We're almost exactly where we were a month ago. Unless half of America decides to spontaneously enter a cross-country road race as stay-at-home orders are lifted, the June contract is going to become a hot potato as expiry nears, just like May. Technicals mean almost nothing in commodity markets (a lesson I've come to learn recently), and are basically worthless in ones this manipulated/speculated.

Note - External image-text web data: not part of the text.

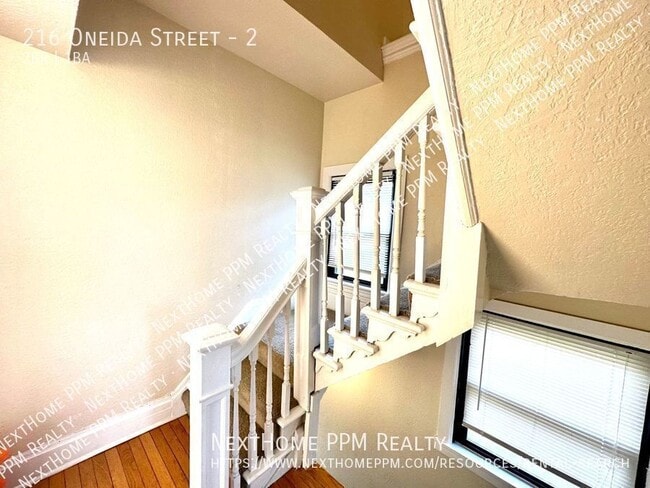 Photo - 216 Oneida St Unit 2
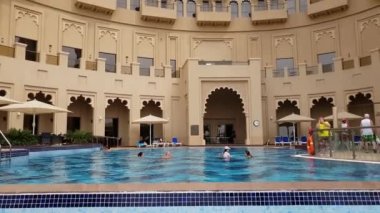Ajman, Birleşik Arap Emirlikleri - 11 Nisan. 2018. Yüzme Havuzu Bahi Palace otelin önünde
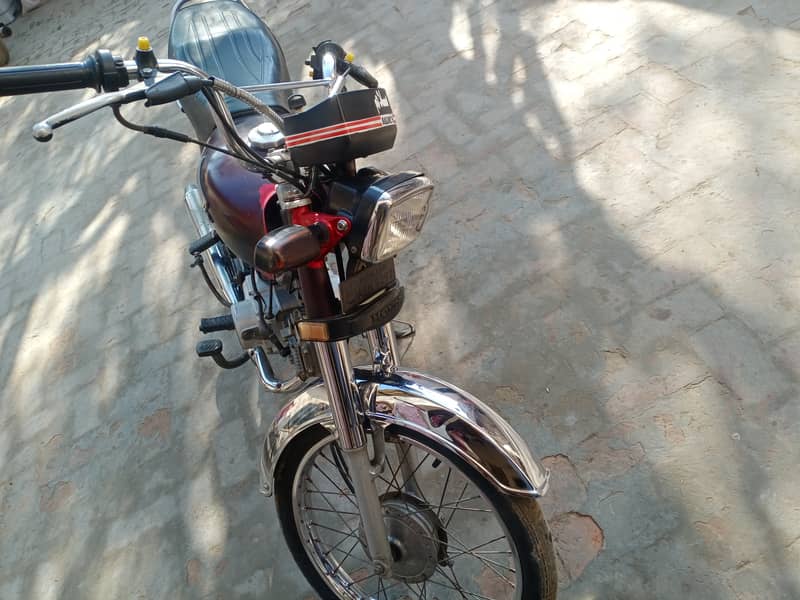 Honda CD70 4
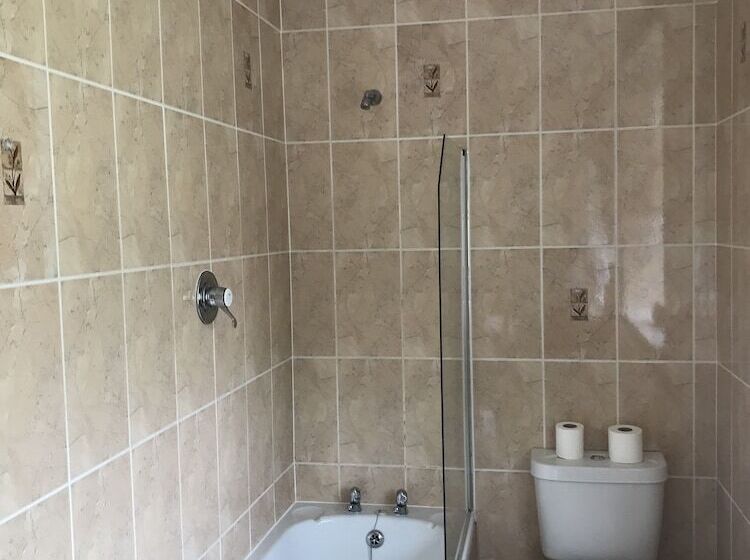 标准间, Barons Court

I cite this comment from user JNKU on SeekingAlpha in full because it is the best, most thorough analysis of the situation I've seen yet:
"It looks to me like the super majors with access to the SPR or other storage capacity are doing 2 things: 1) Propping up the price of the front month contract, firing bazookas and bullets several times a day to rachet price upward and defend key levels. The ungodly amounts of money being burned doing this, and the immediate cost of buying barrels at a higher price than they otherwise would be able to get, is justified as preventing a market panic and longer-term deeper price collapse that will cost orders of magnitude more. 2) Doing #1 in a way designed to try to clear out both long and short speculators before May 19, spiking the price in both directions to clear out the weaker hands in the market. Above all what they want to do is eliminate/mitigate headline risk that comes with scary levels of volatility as all eyes are on the days before settlement. The issue is that strong, well-funded hands forcibly moving the market for predictable reasons (which inevitably lead to a certain level of predictability in actions) are money-printing machines for quants who are even smarter/specialized in front-running market-mover operations. This inevitably also attracts people who *think* they're smarter, but don't know when to get out. Whether the latter constitute a substantial volume of open interest as we approach settlement is the question. Also muddying the waters is the action further down the strip where people seem to be continuing to target USO. USO having inadvertently made their job easier by moving into positions with lower trade volume (thus making it easier to move prices of the underlying securities)."
I'll be watching the daily open interest figures released by NYMEX very closely this week. So far, it seems JNKU is right: from Thursday to yesterday, combined OI in June and July fell by 48000 contracts, about 7% (I have a feeling a decent chunk of that was USO rebalancing). If this trend continues maybe the market will in fact be spared the historic volatility we saw last month. My gut tells me otherwise.